As a secondo after the primo of gnocchi al gorgonzola, we had another favorite: rack of lamb! The Dutch lamb from my local butcher is still very tender even though it’s almost December.
Ingredients for 2 servings
1 rack of lamb with 6-8 ribs
3 sprigs rosemay
salt, freshly ground black pepper
75 ml (1/3 cup) red wine
75 ml (1/3 cup) lamb stock
Preheat water bath to 54.5C/130F.
Rub the rack of lamb with salt, freshly ground black pepper and some olive oil and seal in a bag with the rosemary sprigs (one on each side). Cook in the water bath for 2-4 hours.
Take the rack of lamb out of the bag, discard rosemary. Sear the rack of lamb in a large frying pan on medium-high to high heat without added fat; fat side first to render enough fat to sear the other sides. Remove the rack of lamb when all sides have been seared (1-2 minutes per side, slightly longer on the fat side).

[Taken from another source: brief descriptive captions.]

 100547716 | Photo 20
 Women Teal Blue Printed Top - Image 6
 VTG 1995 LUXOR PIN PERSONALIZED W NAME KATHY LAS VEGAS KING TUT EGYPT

Deglaze the hot pan with the red wine and the lamb stock, stir and cook over medium-high heat until the sauce has thickened somewhat.
Cut the rack of lamb into individual cutlets and serve on hot plates with the sauce and a side of vegetables such as beetroot or baked cauliflower.
Wine suggestion: red burgundy or other pinot noir, preferably slightly oaked.
We had a 2008 Henri Bourgeois Sancerre Rouge Les Baronnes with it, which was good but unoaked and therefore slightly on the fresh side for the lamb.